The Sioux people counted coup in colorful feather and paint display. An eagle feather as worn vertically in the headband of the first to touch an enemy; the second through fourth coups earned count feathers: The second worn tilted to the left, the third horizontal, and the fourth a buzzard's feather hung downward. If wounded in a coup, the feather was dyed with red paint. The victor in hand-to-hand combat could paint a red hand on his clothing or on his horse.
Painted white crosses recalled rescues; two crosses recorded a rescue on horseback. Indian ponies were painted with a hoof print to show coup by capture of another's mount.
In ancient ways, fear and doubt were laid aside by more than meeting the hazards of life. Self-esteem was built by courting danger and counting coup. The risk was deliberately chosen, and there was much honor involved.
Coup Counted Today
The white-shifted, darkly-suited tribe of the Americas counts coup today. But don't look for bravery or daring—we are the fainthearted counters of pen and paper coup.

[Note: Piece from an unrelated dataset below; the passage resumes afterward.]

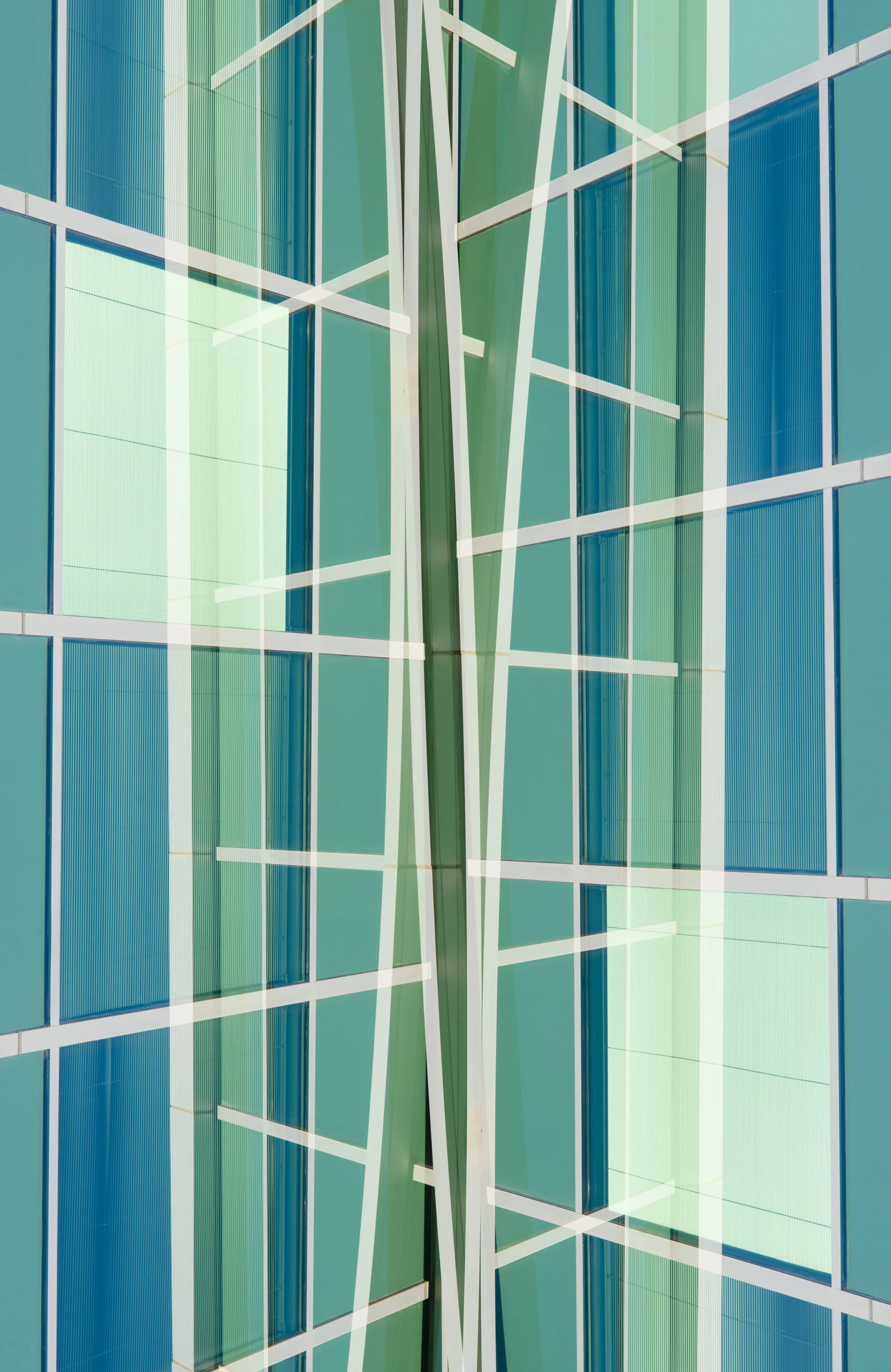 Counterform Arc II , 2013 Archival Pigment Print 40 x 30 inches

The coup recalled here touches you with stinging words fashioned into contracts of indemnity. By them, one party holds to fortifications and counts coup, while the other meets and answers the dangers outside for both. The darkly-suited tribe counts coup when it has saddled another with peril. Risks squarely met in ancient ways are nowadays foisted on others with premeditation.
How were ancient rules reversed? What council decided? It sounds mendacious, but, look, it is down on paper. Whether coup is counted on you will be unrecognized without training. That is our business here.
It is the business of moving responsibility from the backs of some onto the backs of others. It is the business of hoarding precious justice for oneself. We are joined in trial systems where self-esteem is basely made on the courage of others, and little honor is involved.
Council fires die; all light dissolves to the pale grey shades favored by the darkly-suited. They see best here, and you need insights to unlock their clauses, repel their coup. Align with the older rhythms: You will hear the beat of ponies, and you will catch the flash of the coup stick. The Mont Blanc's stain on a paper landscape marks coup in our time.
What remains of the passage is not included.